Mercon is the trade name for a group of technical specifications of automatic transmission fluid created by Ford. The name is a registered trademark (later becoming a brand) of Ford, which licenses the name and specifications to companies that manufacture the fluid and sell it under their own brand names. 

The original Mercon (M2C185-A) transmission fluid was introduced in January 1987. Over the years, the original Mercon was supplanted by Mercon "V", Mercon "SP", Mercon LV, and Mercon ULV, which is the latest automatic transmission fluid. Ford has upgraded the Mercon specifications over the years; the newer fluids are not always backward compatible with previous fluids. Newer 6 and 10-speed transmissions as well as Plug-In Hybrid (PHEV), and Electric Vehicle (EV) transmission technologies require specialized fluids to operate properly. There remains a market for older fluids that claim to meet the earlier fluid specifications. See the details below for backward compatibility of each fluid.

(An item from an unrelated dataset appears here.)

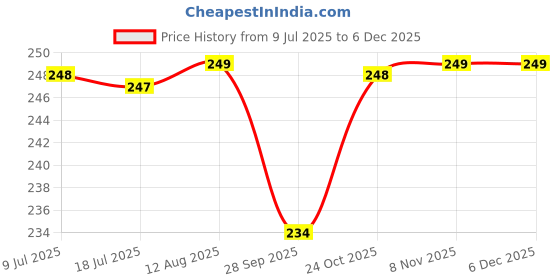 amazon.in Voiish Non-Woven Kitchen Towel Rolls High Absorbency, Eco-Friendly Materials, Everyday Luxury for Your Home and Kitchen, Ideal for Cleaning, Cooking, and Daily Use (Pack of 2) Price History Graph from 9 Jul 2025 to 5 Dec 2025
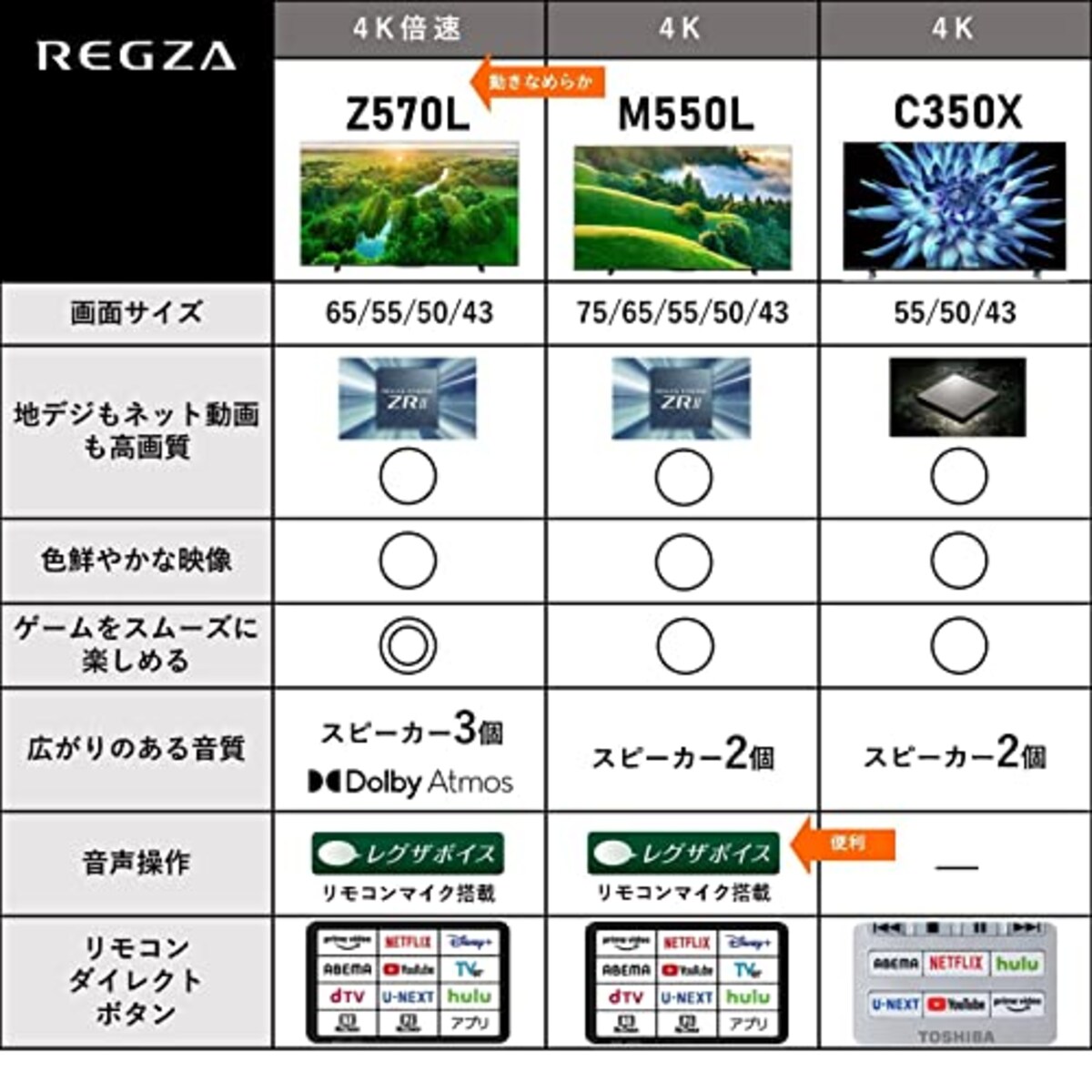  レグザ 43インチ 4K液晶テレビ 43M550L 4Kチューナー内蔵 外付けHDD 裏番組録画 スマートテレビ (2022年モデル)画像3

Originally the name MERCON was associated exclusively with automatic transmission fluids, later Ford released MERCON gear oils and other lubricants under the MERCON brand. Not all Mercon fluids are licensed for reselling under another brand name. All licensed Mercon fluids must have a license number on the container. If no license number is found, the fluid may not be Ford approved and the automatic transmission fluid cannot be guaranteed to meet Ford specifications. Ford, like many automobile manufacturers, uses transmissions sourced from other suppliers or transmission manufacturers around the world; these transmissions are not manufactured by Ford. Many of these automatic transmissions use unique fluids that might not be shown on this page.

History

Before Mercon: 1942–1987

1942  Motor Oil 

In 1942, The Mercury 8 and Lincoln offered cars with an optional "Liquamatic Drive" using a fluid coupling, conventional clutch, and a semi-automatic three-speed transmission. The transmission had an overrunning clutch on the transmission countershaft. The flywheel's fluid coupling used S.A.E 10 motor oil for lubrication. The transmission gearbox used traditional gear oil.  This transmission was only produced for a few months before the U.S.A. entered World War-II, production of this transmission was not resumed after the war.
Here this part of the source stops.